Si le spectacle s’ouvre sur ce fameux événement d’une chemise arrachée, celui-ci quitte bientôt le tarmac de l’aéroport pour nous emmener dans différents lieux et moments d’apprentissage de la violence et de son éventuelle légitimité : une école, une chambre d’adolescence, des bureaux de grandes entreprises et une école de management où les cadres dirigeants apprennent à pousser les salarié.es vers la sortie sans les licencier, évitant ainsi de leur verser des indemnités de licenciement.
Ce débordement, hors du seul fait divers, a pour ambition d’interroger les différentes formes de violence à l’œuvre dans la société contemporaine : la violence physique, certes, avec des adolescent.es qui se battent ou reçoivent des coups sous l’œil effaré ou complice de leurs parents, mais aussi la violence morale que sont le harcèlement scolaire ou professionnel et, bien sûr, les rapports de classe.

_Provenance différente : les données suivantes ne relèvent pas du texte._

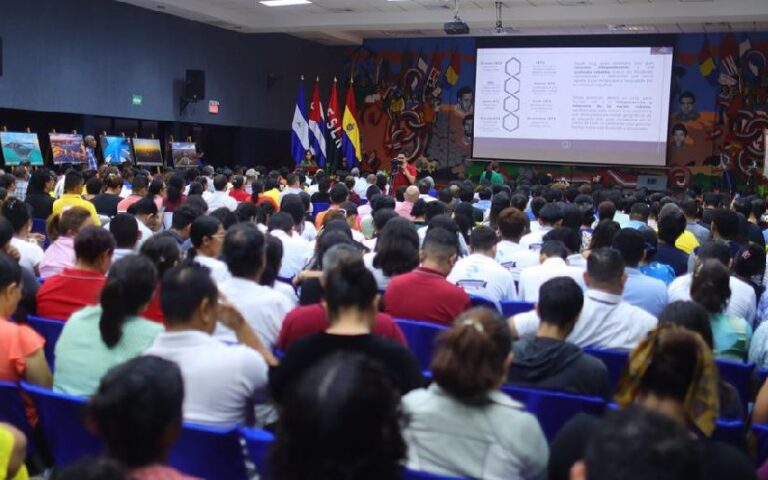 Comunidad universitaria de la UNAN-Managua conmemora vida y legado del escritor y revolucionario José Martí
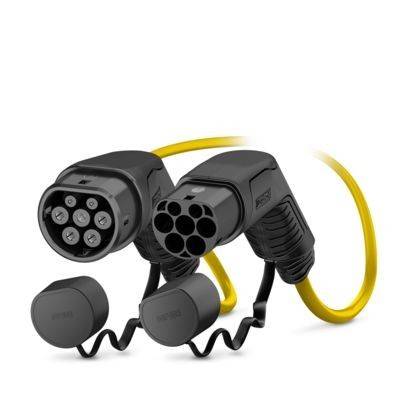 Zwei gelbe Elektrofahrzeug-Ladekabel mit Steckerverbindern, mit mehreren Kontaktstiften für sichere Verbindungen.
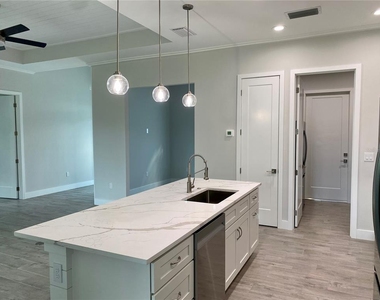 23466 Garrett Avenue - Photo Thumbnail 9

Pour faire entendre cette dernière violence, les deux auteur.es et metteur.ses en scène proposent, en parallèle au procès Air France, un haut lieu de la violence de classe : France Télécom et ses vagues de suicides.
Ce dispositif dramaturgique pêche toutefois par son absence de véritable théâtralité. Les leçons des enfants et la reconstitution des cours de management ont un fort goût de déjà vu, au théâtre comme au cinéma. En effet, les vagues de suicides de France Télécom avaient déjà entraîné leur lot de films et de spectacles sur le sujet. Là est le problème posé par Les Moments doux : tout semble avoir été dit sur le sujet et, sur le plan scénique comme sur le plan politique, la pièce n’apporte rien de neuf.
Certes, les couleurs un peu pop de la scénographie et le titre, un rien ironique, de la pièce, mettent en évidence le fonctionnement de cette violence de classe qui se cache derrière un décor rassurant. Toutefois, cet univers participe de la constitution d’un monde confortable autant pour le public que pour les actionnaires : si le but du spectacle était de rendre visible la violence symbolique, il ne parvient pas à toucher véritablement le spectateur. On écoute, certes, les propos des un.es et des autres, mais on reste sur le côté, à l’abri de toute violence véritable. Le didactisme excessif de la pièce anesthésie notre colère et nous laisse, nous aussi, dans une situation un peu trop douce, sinon douillette.
Les Moments doux, Élise Chatauret et Thomas Pondevie, Théâtre des quartiers d’Ivry. Du 12 au 20 octobre.
Du mardi au vendredi à 20h, le samedi à 18h et le dimanche à 16h.